From the opening scene in which a young, deeply-in-love man, sings love songs accompanied by locals playing the Italian bagpipes in order to woo his beloved to marry him, to the very last sequence set in a modern day bank, the film emanates this comforting but also disturbing feel of a pastoral tale full of nostalgia, twists and uncomfortable realities, told by your grandmother while you are half-asleep on a moderately hot summers’ night, while the crickets are forming a formidable soundtrack.
Shot on 16mm, just like Rohrwacher’s previous films, Happy As Lazzaro narrates the unconventional story of a timid young man who works as a sharecropper in a farm in rural Italy and the unlikely friendship he strikes with Tancredi, the privileged son of the Marchesa Alfonsina de Luna, who owns of the farm. The first part of the film strongly echoing a rustic feel, presents the life in Inviolata, which could be translated as the unviolated. It is the name of the estate which apart from sustaining the same crops, means of production, infrastructure and amenities for workers since the Middle Ages, it has also kept the same socio-political structure: the patriarchal feudal system.

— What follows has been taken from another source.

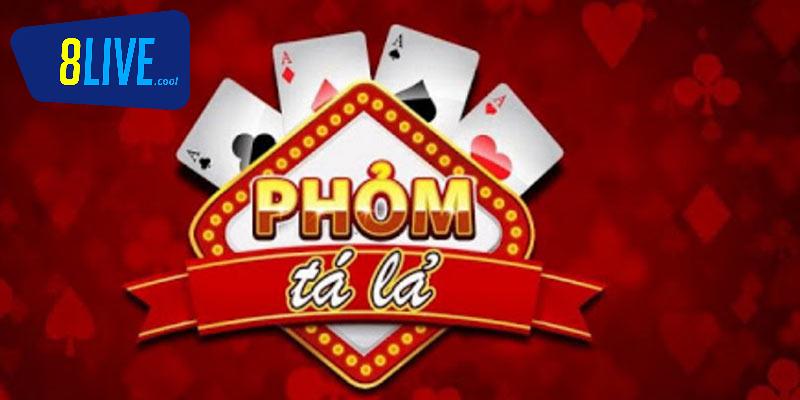 Cách chơi phỏm hay, dễ dàng nhận tiền thắng cược tại 8live 1 Game bài phỏm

Peasants are at the bottom of the pyramid structure followed, in ascending order, by tradesmen, the local lord, members of the aristocracy, the bishops and finally the king. Like their ancestors, the farmers of Inviolata are allowed to live in the estate for free, work the land and divide the earnings from each years’ crop. Nevertheless, they never seem to be earning anything as the local lord, who is responsible for selling their crop on their behalf, keeps each year’s proceeds against a spurious, ever growing dept. At the same time, both the Marchesa, played by Nicoleta Braschi, and the local lord maintain the feudal system to manage the estate, despite it having being outlawed by Italian authorities. And it is at this very backdrop that a cycle of abuse of power is perpetuated: The Marchesa abuses the workers and they feel that they can order around Lazzaro, the boy who always wants to satisfy and please everyone and will never refuse any request, at the expense of being considered of low intellect and continually exploited.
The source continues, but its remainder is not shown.